● Task to carry out
The records below must be reproduced in full and without error.

━━━━━ Exercise data

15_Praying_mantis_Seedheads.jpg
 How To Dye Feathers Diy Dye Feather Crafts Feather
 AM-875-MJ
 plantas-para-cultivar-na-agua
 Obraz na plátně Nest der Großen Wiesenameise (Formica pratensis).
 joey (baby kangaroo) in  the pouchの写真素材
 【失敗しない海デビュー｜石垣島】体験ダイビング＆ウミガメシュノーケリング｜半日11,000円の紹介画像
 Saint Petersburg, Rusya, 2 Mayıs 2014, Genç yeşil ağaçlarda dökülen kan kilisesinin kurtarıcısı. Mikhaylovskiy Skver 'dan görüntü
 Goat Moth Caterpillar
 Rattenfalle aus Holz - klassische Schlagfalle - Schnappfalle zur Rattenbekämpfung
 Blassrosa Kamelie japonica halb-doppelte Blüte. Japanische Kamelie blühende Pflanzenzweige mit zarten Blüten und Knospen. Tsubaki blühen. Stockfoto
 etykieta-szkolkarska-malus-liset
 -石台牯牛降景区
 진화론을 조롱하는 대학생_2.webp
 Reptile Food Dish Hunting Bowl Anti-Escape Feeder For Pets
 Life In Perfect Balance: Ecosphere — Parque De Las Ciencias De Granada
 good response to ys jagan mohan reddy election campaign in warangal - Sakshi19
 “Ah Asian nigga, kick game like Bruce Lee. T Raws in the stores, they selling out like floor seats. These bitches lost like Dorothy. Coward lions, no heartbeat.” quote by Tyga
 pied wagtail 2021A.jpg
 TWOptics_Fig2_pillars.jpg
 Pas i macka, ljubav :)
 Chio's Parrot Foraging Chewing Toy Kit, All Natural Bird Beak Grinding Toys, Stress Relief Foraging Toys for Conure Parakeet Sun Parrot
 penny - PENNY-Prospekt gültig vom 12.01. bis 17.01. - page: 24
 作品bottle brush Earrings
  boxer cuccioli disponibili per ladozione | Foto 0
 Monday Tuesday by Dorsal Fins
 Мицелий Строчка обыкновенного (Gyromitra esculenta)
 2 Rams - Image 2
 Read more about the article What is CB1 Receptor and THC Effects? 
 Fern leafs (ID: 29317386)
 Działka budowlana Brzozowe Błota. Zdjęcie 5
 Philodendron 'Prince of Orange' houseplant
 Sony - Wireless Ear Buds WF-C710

━━━━━━━━━━

● Written response
15_Praying_mantis_Seedheads.jpg
 How To Dye Feathers Diy Dye Feather Crafts Feather
 AM-875-MJ
 plantas-para-cultivar-na-agua
 Obraz na plátně Nest der Großen Wiesenameise (Formica pratensis).
 joey (baby kangaroo) in  the pouchの写真素材
 【失敗しない海デビュー｜石垣島】体験ダイビング＆ウミガメシュノーケリング｜半日11,000円の紹介画像
 Saint Petersburg, Rusya, 2 Mayıs 2014, Genç yeşil ağaçlarda dökülen kan kilisesinin kurtarıcısı. Mikhaylovskiy Skver 'dan görüntü
 Goat Moth Caterpillar
 Rattenfalle aus Holz - klassische Schlagfalle - Schnappfalle zur Rattenbekämpfung
 Blassrosa Kamelie japonica halb-doppelte Blüte. Japanische Kamelie blühende Pflanzenzweige mit zarten Blüten und Knospen. Tsubaki blühen. Stockfoto
 etykieta-szkolkarska-malus-liset
 -石台牯牛降景区
 진화론을 조롱하는 대학생_2.webp
 Reptile Food Dish Hunting Bowl Anti-Escape Feeder For Pets
 Life In Perfect Balance: Ecosphere — Parque De Las Ciencias De Granada
 good response to ys jagan mohan reddy election campaign in warangal - Sakshi19
 “Ah Asian nigga, kick game like Bruce Lee. T Raws in the stores, they selling out like floor seats. These bitches lost like Dorothy. Coward lions, no heartbeat.” quote by Tyga
 pied wagtail 2021A.jpg
 TWOptics_Fig2_pillars.jpg
 Pas i macka, ljubav :)
 Chio's Parrot Foraging Chewing Toy Kit, All Natural Bird Beak Grinding Toys, Stress Relief Foraging Toys for Conure Parakeet Sun Parrot
 penny - PENNY-Prospekt gültig vom 12.01. bis 17.01. - page: 24
 作品bottle brush Earrings
  boxer cuccioli disponibili per ladozione | Foto 0
 Monday Tuesday by Dorsal Fins
 Мицелий Строчка обыкновенного (Gyromitra esculenta)
 2 Rams - Image 2
 Read more about the article What is CB1 Receptor and THC Effects? 
 Fern leafs (ID: 29317386)
 Działka budowlana Brzozowe Błota. Zdjęcie 5
 Philodendron 'Prince of Orange' houseplant
 Sony - Wireless Ear Buds WF-C710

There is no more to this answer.